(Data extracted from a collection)
* * * *

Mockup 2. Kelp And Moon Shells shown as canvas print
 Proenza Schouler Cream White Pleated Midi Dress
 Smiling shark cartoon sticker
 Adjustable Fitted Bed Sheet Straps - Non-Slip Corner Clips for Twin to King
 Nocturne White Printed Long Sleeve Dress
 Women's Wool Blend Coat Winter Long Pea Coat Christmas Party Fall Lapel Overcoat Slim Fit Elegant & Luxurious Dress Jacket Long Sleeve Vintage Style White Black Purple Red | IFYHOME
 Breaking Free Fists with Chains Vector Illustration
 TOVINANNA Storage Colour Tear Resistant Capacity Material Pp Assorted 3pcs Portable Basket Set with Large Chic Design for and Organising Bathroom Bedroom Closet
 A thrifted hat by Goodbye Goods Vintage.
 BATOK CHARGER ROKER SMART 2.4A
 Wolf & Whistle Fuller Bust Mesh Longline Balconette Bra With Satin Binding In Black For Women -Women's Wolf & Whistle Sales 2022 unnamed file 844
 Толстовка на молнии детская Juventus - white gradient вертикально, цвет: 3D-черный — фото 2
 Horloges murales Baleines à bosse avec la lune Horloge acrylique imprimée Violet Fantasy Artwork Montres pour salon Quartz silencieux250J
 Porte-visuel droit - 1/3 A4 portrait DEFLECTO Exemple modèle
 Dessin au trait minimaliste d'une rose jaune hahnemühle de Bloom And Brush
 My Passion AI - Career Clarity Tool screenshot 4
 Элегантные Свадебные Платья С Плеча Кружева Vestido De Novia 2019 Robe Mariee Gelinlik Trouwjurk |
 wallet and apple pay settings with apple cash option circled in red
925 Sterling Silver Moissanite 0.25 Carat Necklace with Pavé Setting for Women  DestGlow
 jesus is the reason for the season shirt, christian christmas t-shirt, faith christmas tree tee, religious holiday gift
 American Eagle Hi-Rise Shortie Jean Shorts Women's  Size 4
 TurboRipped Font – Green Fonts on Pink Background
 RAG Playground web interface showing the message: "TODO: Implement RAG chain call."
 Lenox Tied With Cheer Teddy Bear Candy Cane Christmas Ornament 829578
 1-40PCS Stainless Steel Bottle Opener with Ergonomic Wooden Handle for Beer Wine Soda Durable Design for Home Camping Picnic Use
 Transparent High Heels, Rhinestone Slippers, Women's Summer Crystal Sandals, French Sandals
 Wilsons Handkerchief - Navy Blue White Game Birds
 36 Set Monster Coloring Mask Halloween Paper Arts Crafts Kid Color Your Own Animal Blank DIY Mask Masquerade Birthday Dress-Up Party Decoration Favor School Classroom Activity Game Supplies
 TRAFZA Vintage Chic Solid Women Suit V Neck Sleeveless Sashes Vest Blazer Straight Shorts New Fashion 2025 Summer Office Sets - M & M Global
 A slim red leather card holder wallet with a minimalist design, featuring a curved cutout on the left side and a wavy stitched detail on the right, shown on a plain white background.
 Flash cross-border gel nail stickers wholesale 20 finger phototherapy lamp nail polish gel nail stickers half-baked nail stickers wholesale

* * * *

TASK PROMPT ▸ Above are the entries; copy every line among them that contains the word "Summer".

ANSWER BELOW ▸
 Transparent High Heels, Rhinestone Slippers, Women's Summer Crystal Sandals, French Sandals
 TRAFZA Vintage Chic Solid Women Suit V Neck Sleeveless Sashes Vest Blazer Straight Shorts New Fashion 2025 Summer Office Sets - M & M Global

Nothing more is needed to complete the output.